Explanation: The crucial modification is in the `merge` function. When `R[j]` is copied to `arr[k]` because `R[j] < L[i]`, it means all the remaining elements in `L` (from index `i` to the end) are greater than `R[j]`. Therefore, we increment the `inversions` count by `n1 - i`. We use a `long` for the `inversions` counter because the number of inversions can be large.

Example 3: Merge K Sorted Arrays

Problem: Given k sorted arrays, merge them into one sorted array.

Solution: A good solution is to repeatedly merge pairs of arrays until only one remains.

 import java.util.ArrayList;
import java.util.Arrays;
import java.util.List;

public class MergeKSortedArrays {

    public static int[] mergeKSortedArrays(List<int[]> arrays) {
        if (arrays == null || arrays.isEmpty()) {
            return new int[0];
        }

        while (arrays.size() > 1) {
            List<int[]> mergedArrays = new ArrayList<>();
            for (int i = 0; i < arrays.size(); i += 2) {
                if (i + 1 < arrays.size()) {
                    mergedArrays.add(mergeTwoSortedArrays(arrays.get(i), arrays.get(i + 1)));
                } else {
                    mergedArrays.add(arrays.get(i)); // If odd number, add the last one
                }
            }
            arrays = mergedArrays;
        }

        return arrays.get(0);
    }

    private static int[] mergeTwoSortedArrays(int[] arr1, int[] arr2) {
        int n1 = arr1.length;
        int n2 = arr2.length;
        int[] merged = new int[n1 + n2];
        int i = 0, j = 0, k = 0;

        while (i < n1 && j < n2) {
            if (arr1[i] <= arr2[j]) {
                merged[k++] = arr1[i++];
            } else {
                merged[k++] = arr2[j++];
            }
        }

        while (i < n1) {
            merged[k++] = arr1[i++];
        }

        while (j < n2) {
            merged[k++] = arr2[j++];
        }

        return merged;
    }

    public static void main(String[] args) {
        List<int[]> arrays = new ArrayList<>();
        arrays.add(new int[]{1, 4, 7});
        arrays.add(new int[]{2, 5, 8});
        arrays.add(new int[]{3, 6, 9});

        int[] mergedArray = mergeKSortedArrays(arrays);
        System.out.println(Arrays.toString(mergedArray)); // Output: [1, 2, 3, 4, 5, 6, 7, 8, 9]
    }
} 

Explanation: The `mergeKSortedArrays` method iteratively merges pairs of sorted arrays until only one remains.
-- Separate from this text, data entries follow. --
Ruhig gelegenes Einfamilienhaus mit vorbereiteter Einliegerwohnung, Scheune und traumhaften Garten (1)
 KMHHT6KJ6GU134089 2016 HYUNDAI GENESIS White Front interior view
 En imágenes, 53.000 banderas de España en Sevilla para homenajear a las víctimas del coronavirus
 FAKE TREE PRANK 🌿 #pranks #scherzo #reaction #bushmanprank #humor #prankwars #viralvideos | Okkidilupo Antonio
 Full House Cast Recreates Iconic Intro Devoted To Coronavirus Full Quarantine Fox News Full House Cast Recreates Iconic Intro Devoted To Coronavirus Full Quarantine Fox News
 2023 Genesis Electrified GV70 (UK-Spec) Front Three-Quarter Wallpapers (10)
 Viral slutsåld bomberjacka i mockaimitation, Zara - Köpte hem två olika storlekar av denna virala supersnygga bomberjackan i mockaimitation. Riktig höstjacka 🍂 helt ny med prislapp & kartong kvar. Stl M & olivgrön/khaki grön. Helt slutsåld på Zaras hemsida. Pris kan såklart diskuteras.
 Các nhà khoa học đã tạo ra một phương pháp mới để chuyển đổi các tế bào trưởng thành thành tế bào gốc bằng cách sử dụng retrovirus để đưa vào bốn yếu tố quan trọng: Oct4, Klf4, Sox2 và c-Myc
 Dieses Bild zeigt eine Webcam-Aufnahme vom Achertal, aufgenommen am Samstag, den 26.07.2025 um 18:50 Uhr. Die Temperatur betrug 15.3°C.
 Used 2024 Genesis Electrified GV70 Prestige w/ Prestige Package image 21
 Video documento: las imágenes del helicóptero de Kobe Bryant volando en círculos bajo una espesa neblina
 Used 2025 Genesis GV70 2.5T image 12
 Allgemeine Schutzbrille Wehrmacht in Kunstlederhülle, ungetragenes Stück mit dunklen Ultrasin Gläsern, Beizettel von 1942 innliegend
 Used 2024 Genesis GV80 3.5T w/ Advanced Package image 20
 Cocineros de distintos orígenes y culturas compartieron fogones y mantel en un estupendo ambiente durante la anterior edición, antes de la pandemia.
The `mergeTwoSortedArrays` method performs a standard merge of two sorted arrays. This approach has a time complexity of O(kn log k), where n is the average length of the arrays and k is the number of arrays. Note that a priority queue (min-heap) based solution is often more efficient for larger k and is commonly used in competitive programming for this type of problem. We can include that as an exercise!

Exercise: Implement the Merge K Sorted Arrays problem using a Priority Queue (min-heap). Compare the performance against the iterative merge approach provided above.